I seriously question the author's judgement when describing the methods in this manner. Personally, I don't like the very mechanical approach of presenting the tools. Still, there will definitely be some methods that you would like to look further into. For this reason the book could have been a three star book, if the author would have given the reader some advice for further readings. If the case studies would have been more illustrative the book would probably be worth four stars.
The book is printed in full color on pretty good paper. The layout of the book feels modern and professional.
For a classroom, for conferences and retreats, for a large company looking for exciting new process ideas for working with different groups, for people who get bored easily or want to break out of a rut, or for folks looking for neat ways to present information, this book has some very fun and inspiring ideas. For small teams with a good process in place, it might be hard to justify the additional time and cost for some of the fancier ideas, and the simpler ones (sketching out ideas, observing people using your product) you probably use already.
So this book is not for everyone. Say it's for you -- it's a well designed book with lots of ideas. Each idea is presented with a full-page photo; a quick guide to the benefits, input, and output; step by step instructions with lots of drawings and examples; and an example project. There are interesting discussion of the seven different "modes of thinking":
* sense intent
* know context
* know people
* frame insights
* explore concepts
* frame solutions
* realize offerings
It's an intriguing book, and a pleasure to read.
Design has become a very popular concept in management over the past several years. Unfortunately, design has been like quantum physics in its application. It was hard to explain and the concepts often seemed to be both contradictory and useful at the same time.

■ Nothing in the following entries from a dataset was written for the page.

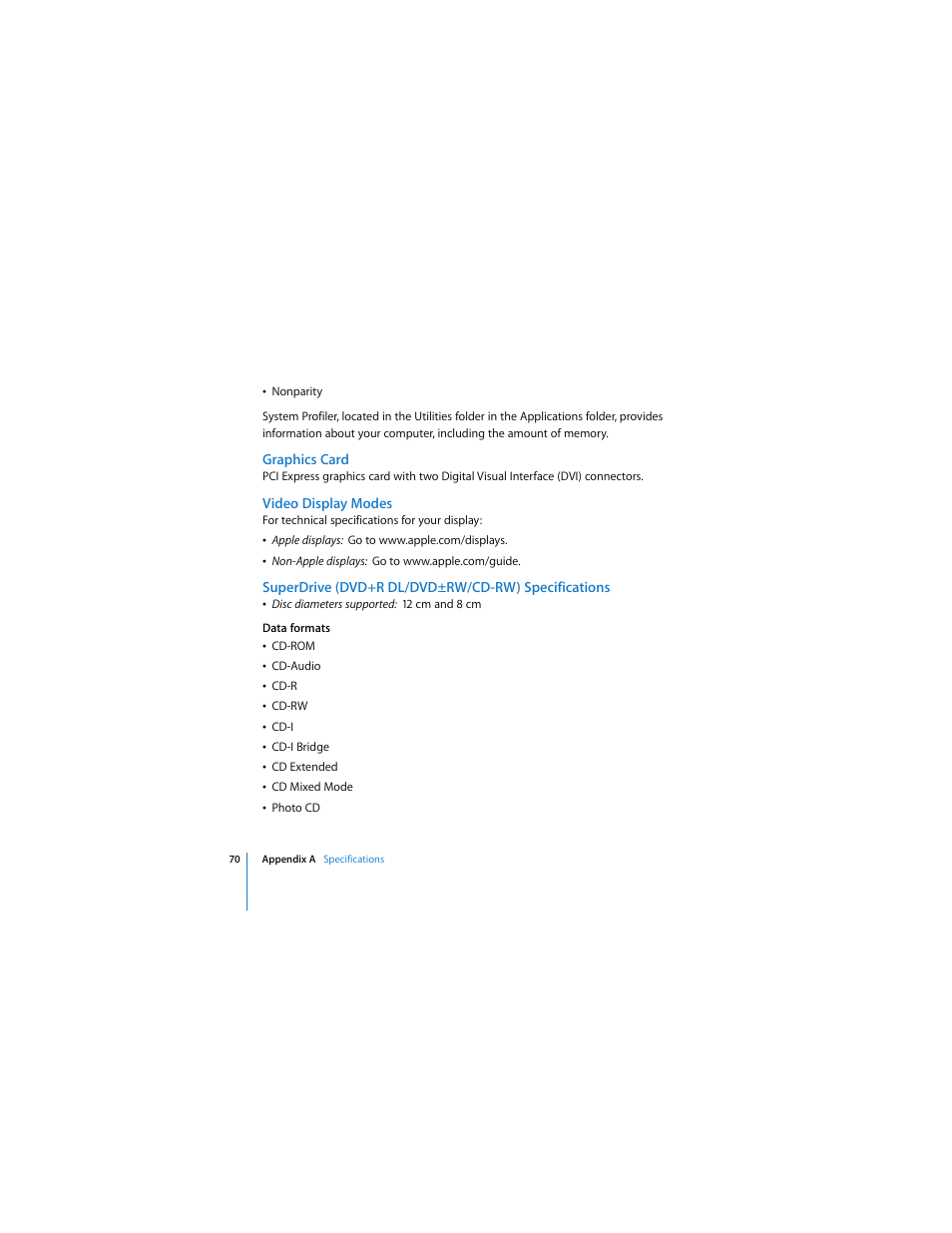 Apple Mac Pro (8-core) User Manual | Page 70 / 92
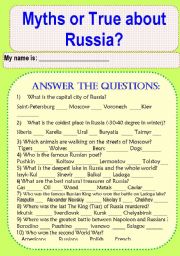 Do You Know Russia? Myths and True about Russia.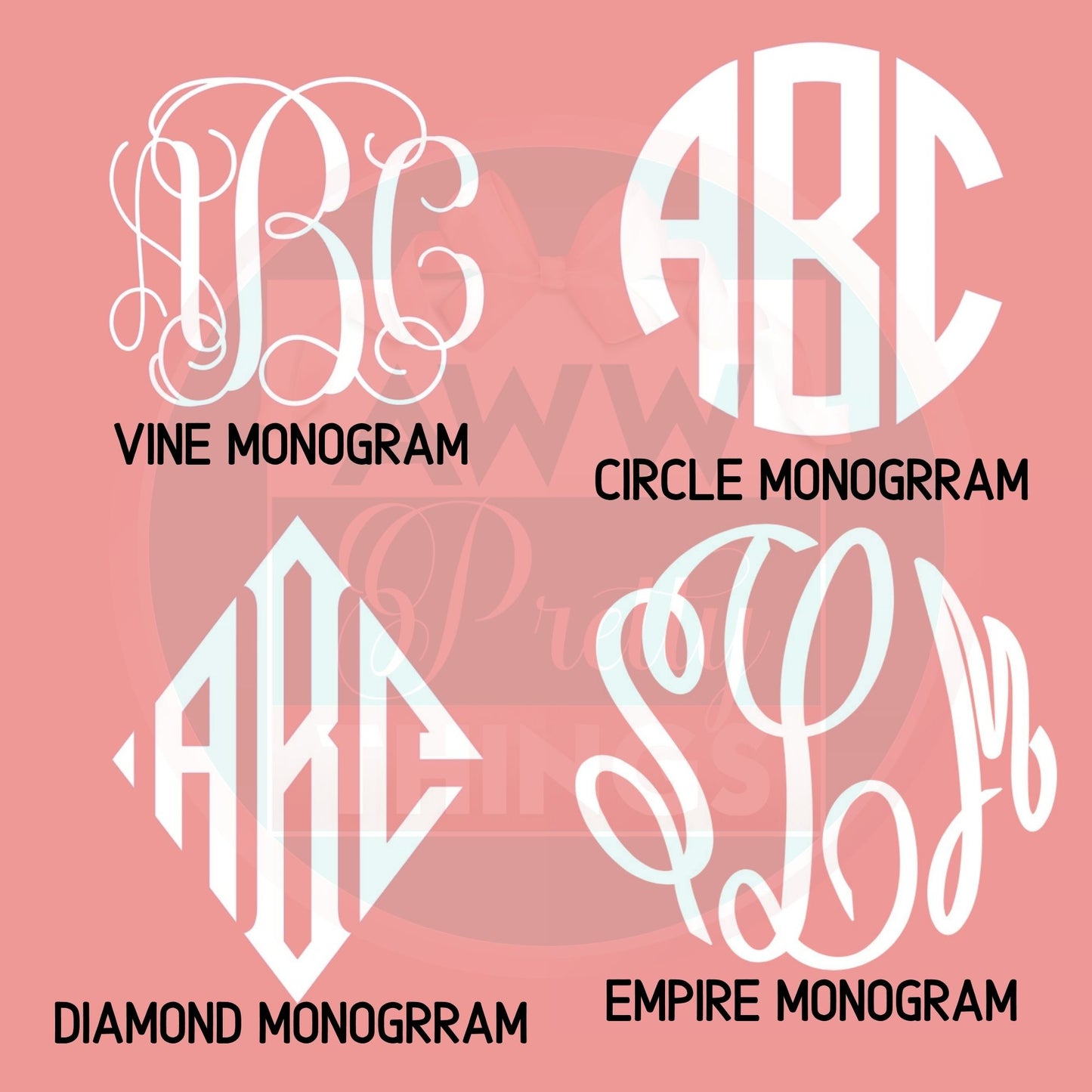 Monogram Car Bundle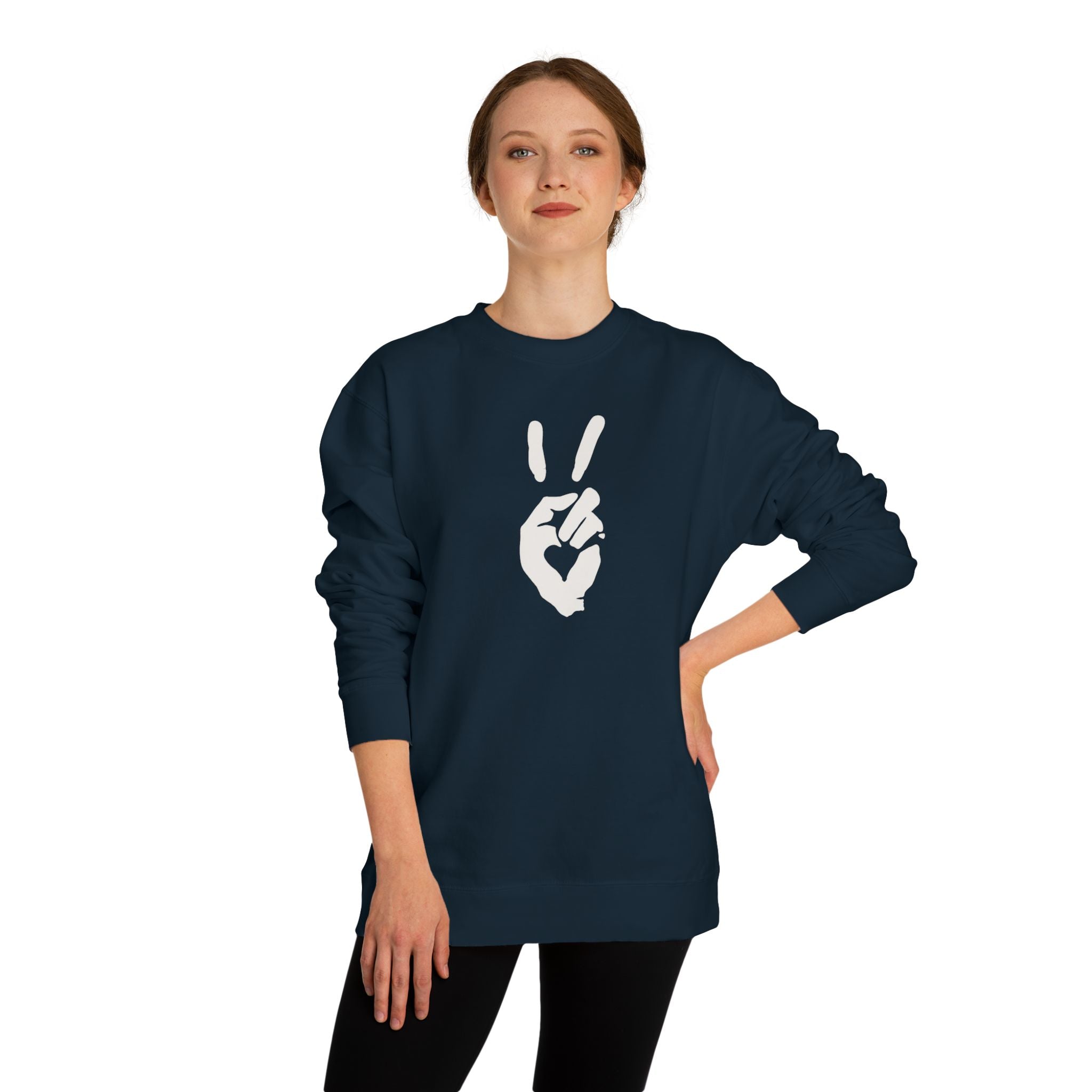 Peace+Love Signature Graphic Crewneck Sweatshirt | Bella Strada Studio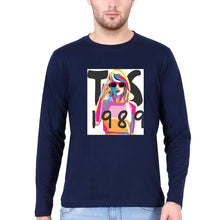 Load image into Gallery viewer, Taylor Swift Full Sleeves T-Shirt for Men-Navy Blue-Ektarfa.online
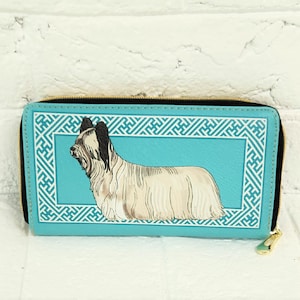 Skye Terrier Hundebrieftasche, Damenbrieftasche mit Reißverschluss, individuell gestaltet, versandfertig, Kartenhalter, Muttertagsgeschenk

In 101 Design Methods: A Structured Approach for Driving Innovation in Your Organization, Professor Kumar leverages his wealth of experience in practical design to provide a very approachable, consistent, and understandable methodology for design. The chapters are laid out in a logical sequence, and the author is ruthlessly consistent in applying the methodology. The entire book is structured, and the subsections are numbered in a way that constantly brings you back to the underlying process.
Each step is described in detail with the inputs, techniques, outputs, and information flows clearly articulated. There are examples with pictures sprinkled through every chapter.
The book is lavishly illustrated and brightly colored. (When I read the book on the commute to work, I routinely had people on the DC metro asking me to let them page through it.) It is fun to read, and I bought five copies of the book the day after I read it to immediately apply Professor Kumar's techniques to a real world, strategic issue my group was wrestling with.
The results have been phenomenal.
Bravo Professor Kumar!
Now, if you would just write a book on quantum mechanics!